====== Recorded data

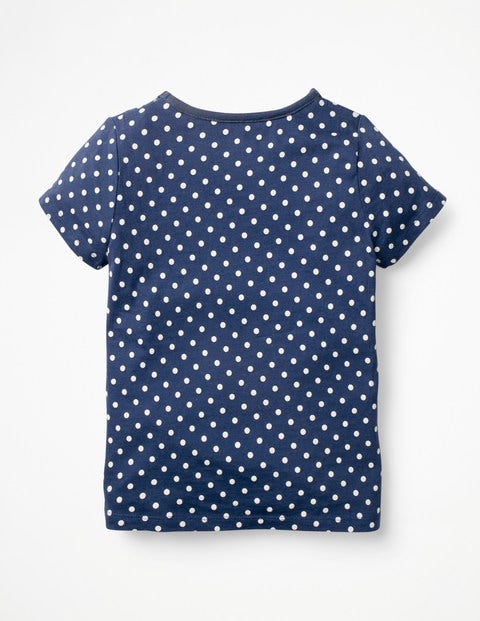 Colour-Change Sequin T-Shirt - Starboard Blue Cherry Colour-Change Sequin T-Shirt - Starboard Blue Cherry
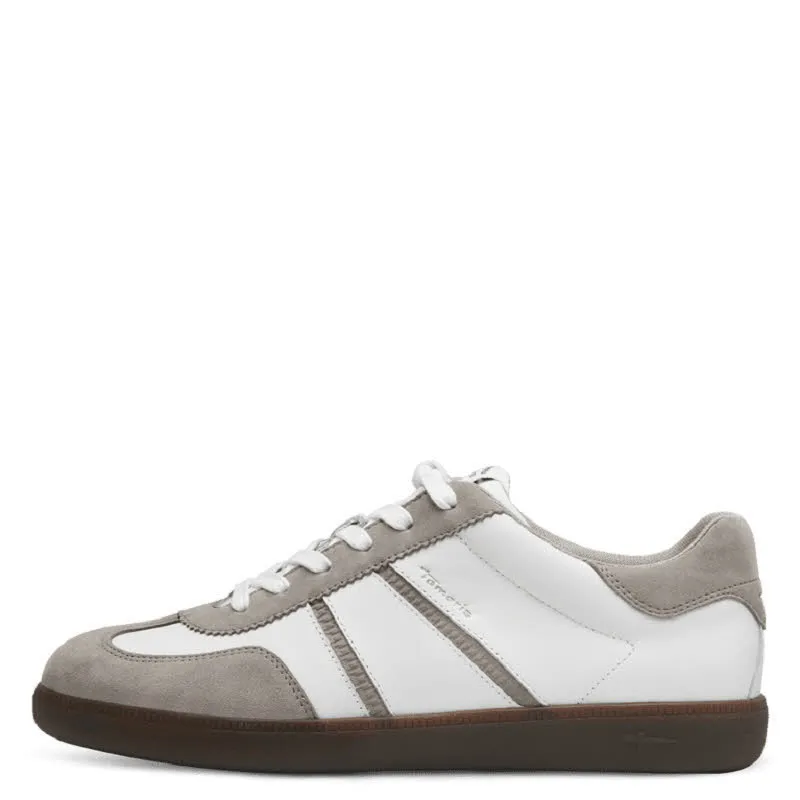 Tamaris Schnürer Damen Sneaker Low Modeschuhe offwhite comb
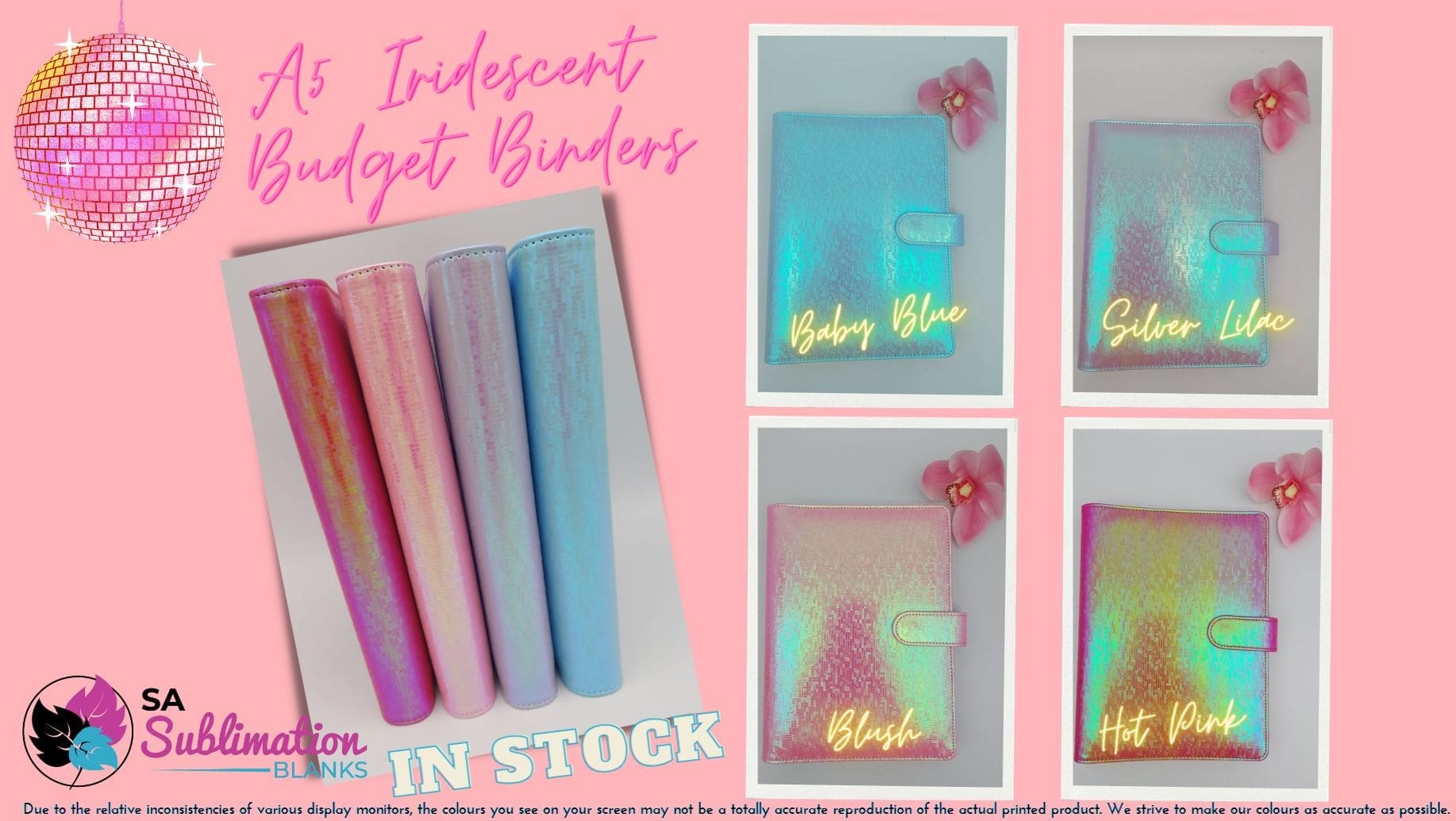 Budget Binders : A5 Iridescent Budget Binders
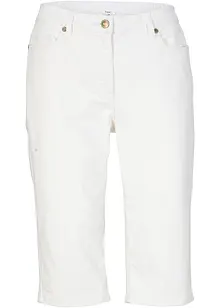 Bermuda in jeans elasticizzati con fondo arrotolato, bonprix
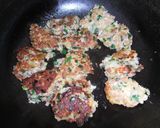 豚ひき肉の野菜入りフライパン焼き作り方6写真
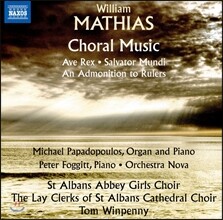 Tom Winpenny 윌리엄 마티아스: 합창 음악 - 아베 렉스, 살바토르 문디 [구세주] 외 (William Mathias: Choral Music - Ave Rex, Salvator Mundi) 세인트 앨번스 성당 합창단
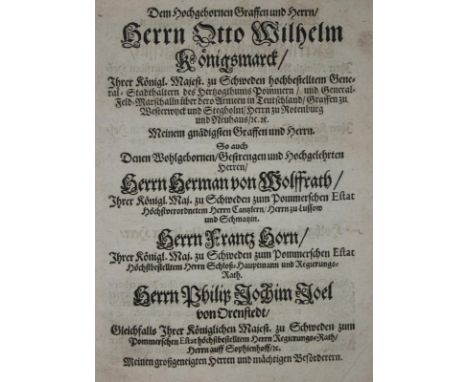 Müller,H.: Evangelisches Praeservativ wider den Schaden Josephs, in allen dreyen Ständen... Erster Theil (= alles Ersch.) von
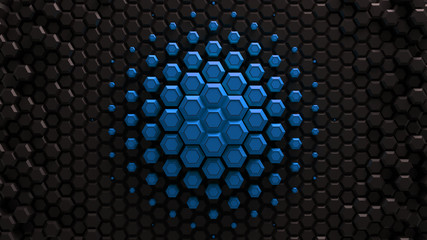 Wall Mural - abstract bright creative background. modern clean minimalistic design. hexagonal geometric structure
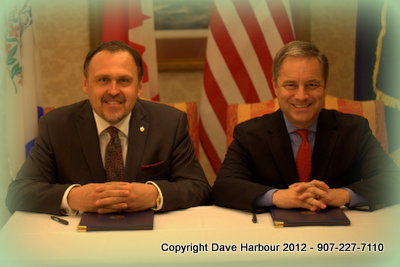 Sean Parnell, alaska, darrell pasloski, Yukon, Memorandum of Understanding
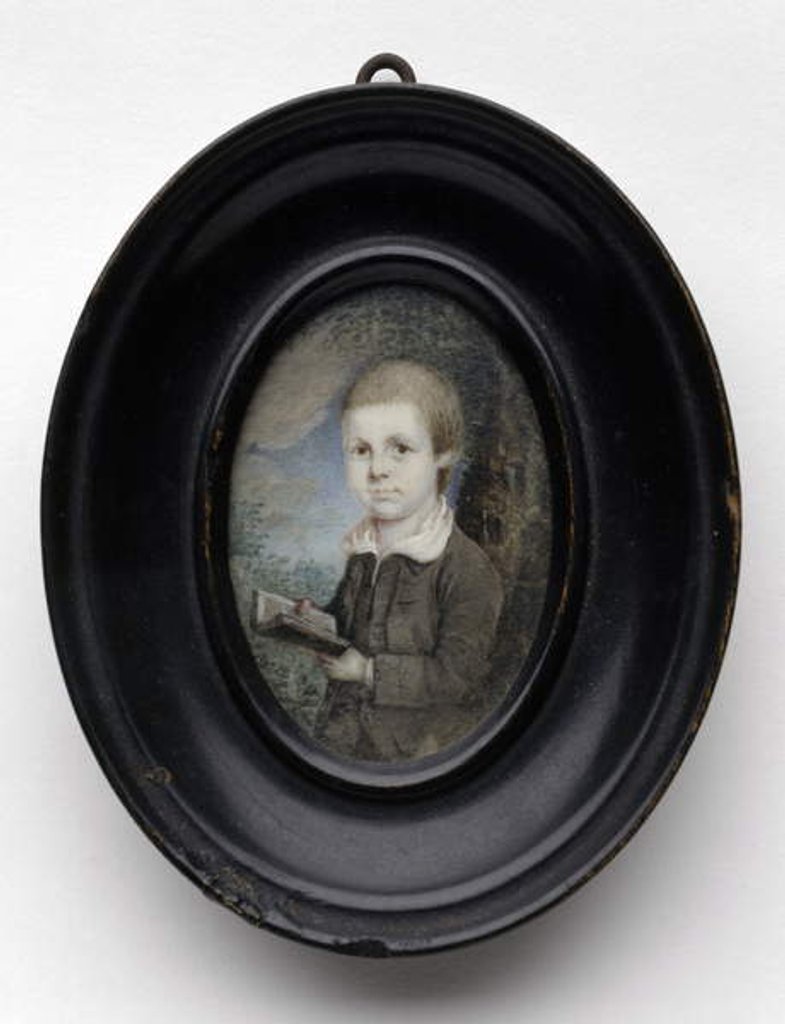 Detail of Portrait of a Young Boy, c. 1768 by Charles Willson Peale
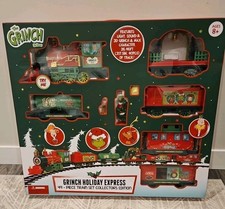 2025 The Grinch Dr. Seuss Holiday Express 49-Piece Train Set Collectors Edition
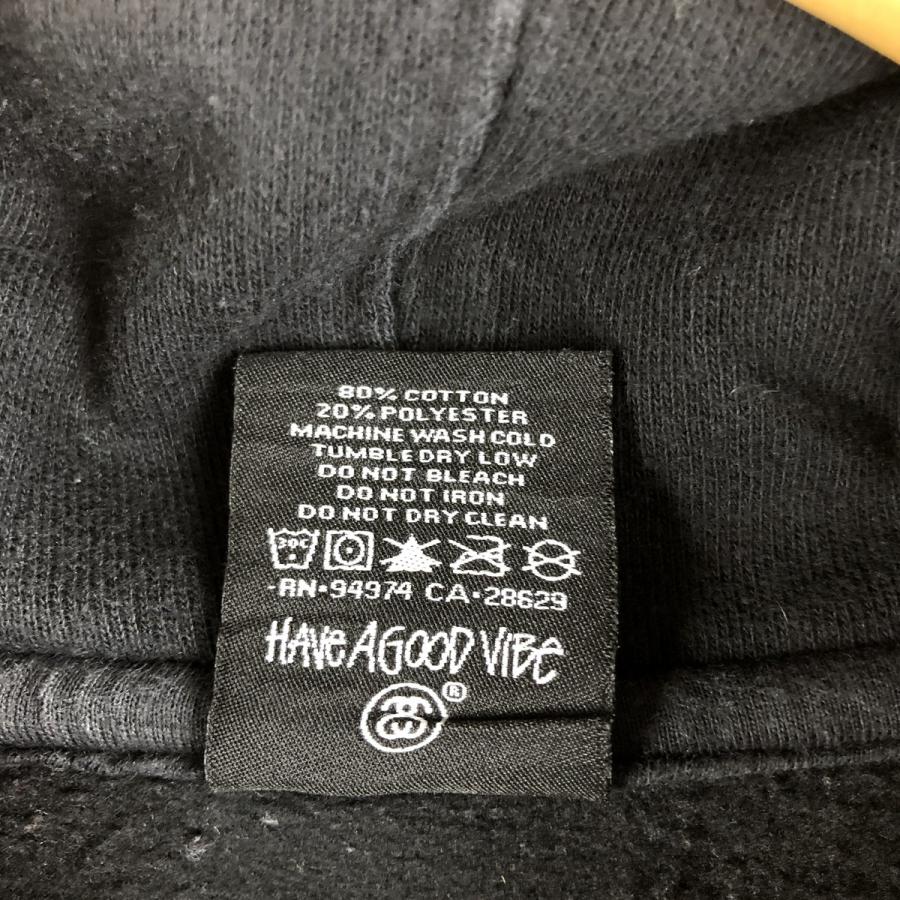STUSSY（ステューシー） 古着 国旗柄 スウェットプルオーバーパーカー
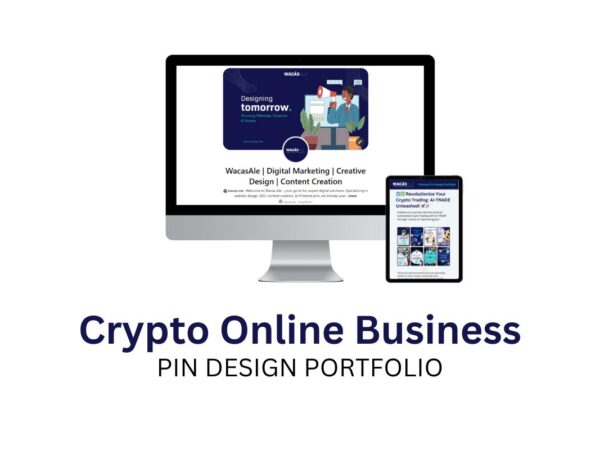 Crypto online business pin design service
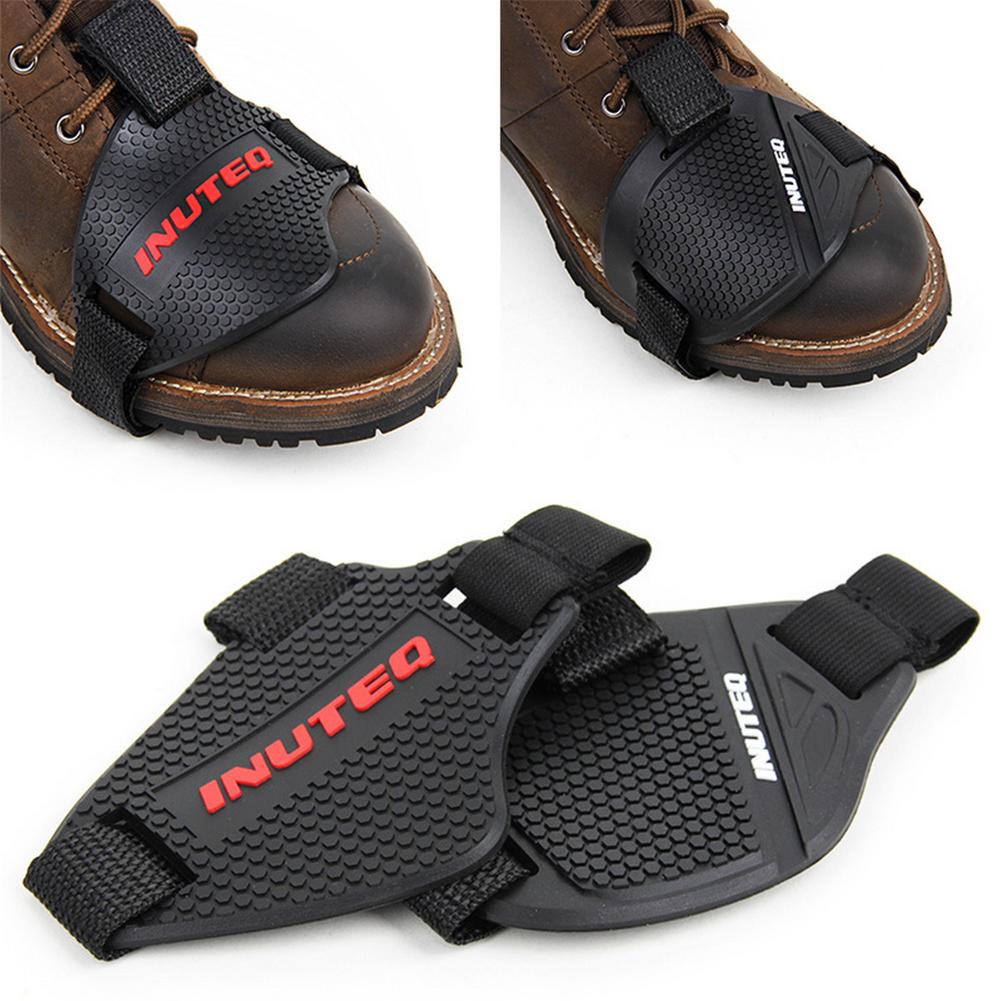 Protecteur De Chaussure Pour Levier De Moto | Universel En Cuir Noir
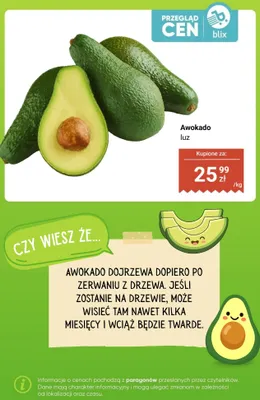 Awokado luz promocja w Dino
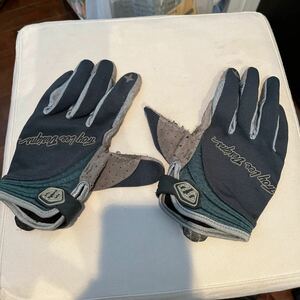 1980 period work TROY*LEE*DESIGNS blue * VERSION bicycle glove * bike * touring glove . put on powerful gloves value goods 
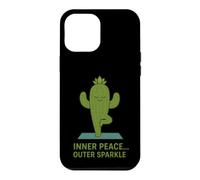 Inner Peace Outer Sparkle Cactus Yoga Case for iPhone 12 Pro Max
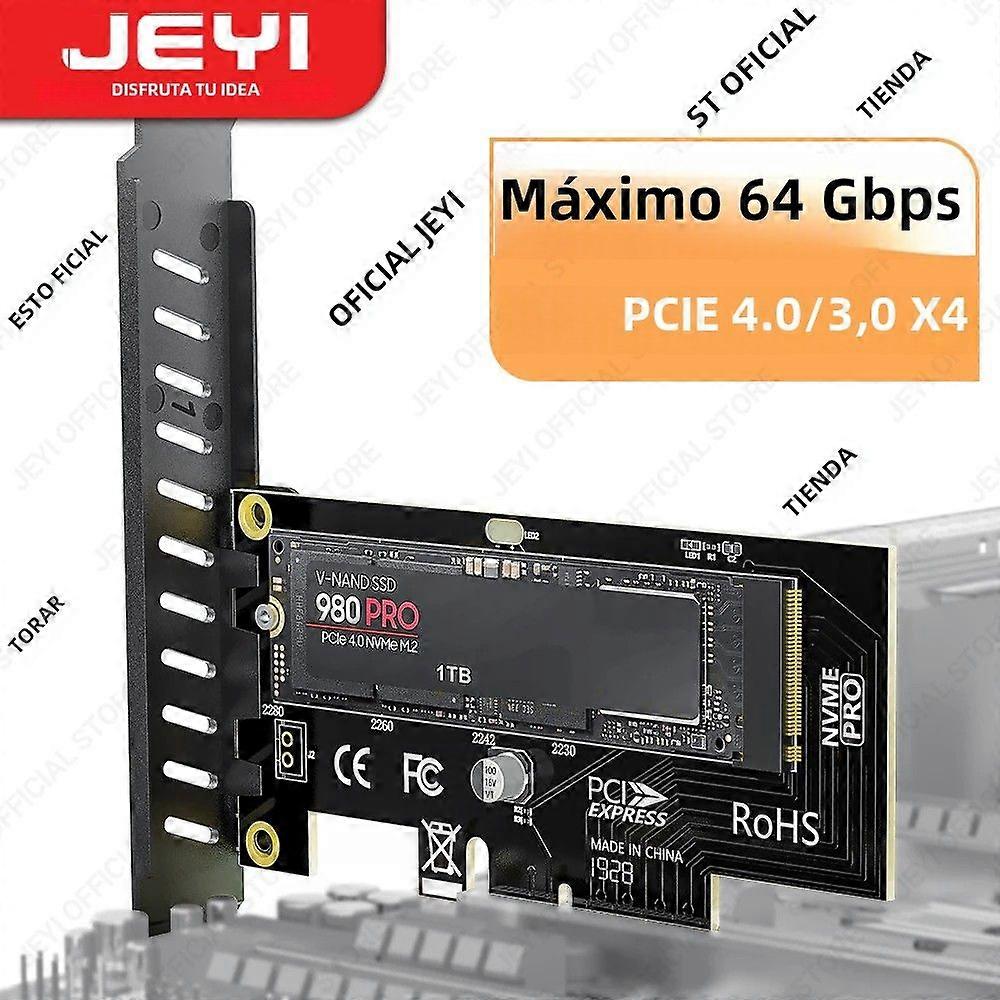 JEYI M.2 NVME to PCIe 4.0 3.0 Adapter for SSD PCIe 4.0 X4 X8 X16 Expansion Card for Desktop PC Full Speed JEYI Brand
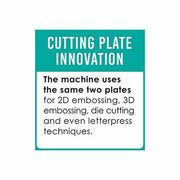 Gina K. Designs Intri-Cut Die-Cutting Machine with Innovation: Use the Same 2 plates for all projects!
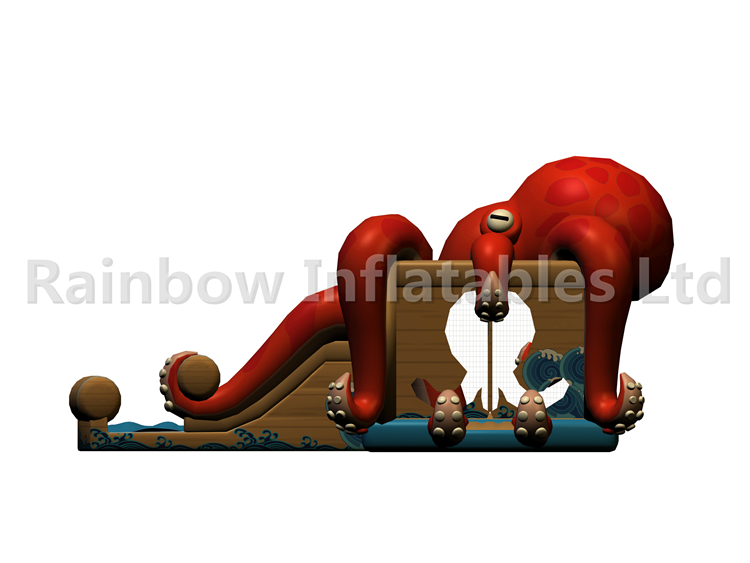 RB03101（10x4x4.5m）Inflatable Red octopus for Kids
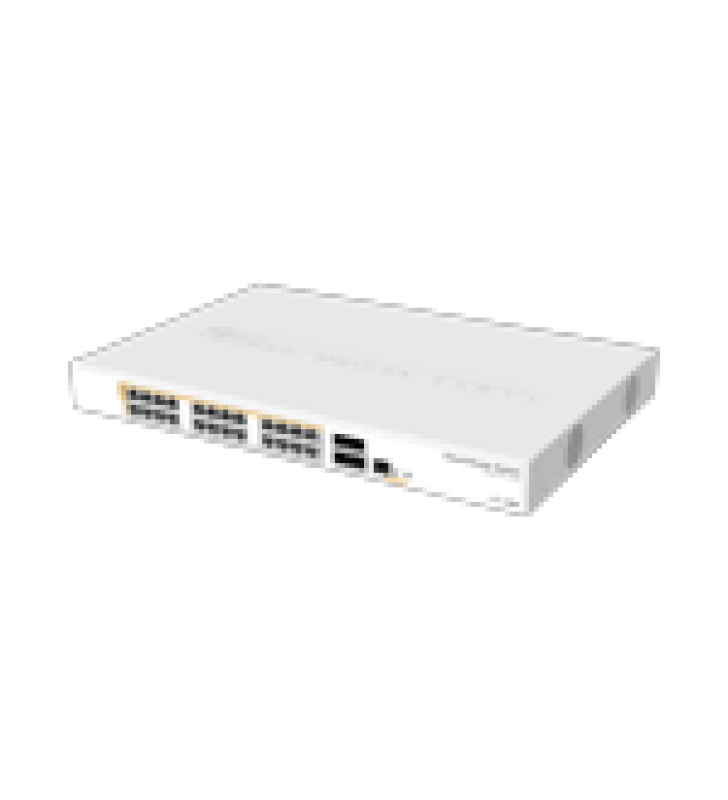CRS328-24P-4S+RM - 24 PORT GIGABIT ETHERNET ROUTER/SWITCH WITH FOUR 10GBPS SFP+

============

#### What the exercise asks:
Give the lines again exactly, beginning with the first line of the records above and ending with the line that contains "Müller,H.: Evangelisches Praeservativ", and include no pictures.

#### Reply:
 Colour-Change Sequin T-Shirt - Starboard Blue Cherry Colour-Change Sequin T-Shirt - Starboard Blue Cherry
 Tamaris Schnürer Damen Sneaker Low Modeschuhe offwhite comb
 Budget Binders : A5 Iridescent Budget Binders
 Bermuda in jeans elasticizzati con fondo arrotolato, bonprix
 豚ひき肉の野菜入りフライパン焼き作り方6写真
 Tom Winpenny 윌리엄 마티아스: 합창 음악 - 아베 렉스, 살바토르 문디 [구세주] 외 (William Mathias: Choral Music - Ave Rex, Salvator Mundi) 세인트 앨번스 성당 합창단
 Müller,H.: Evangelisches Praeservativ wider den Schaden Josephs, in allen dreyen Ständen... Erster Theil (= alles Ersch.) von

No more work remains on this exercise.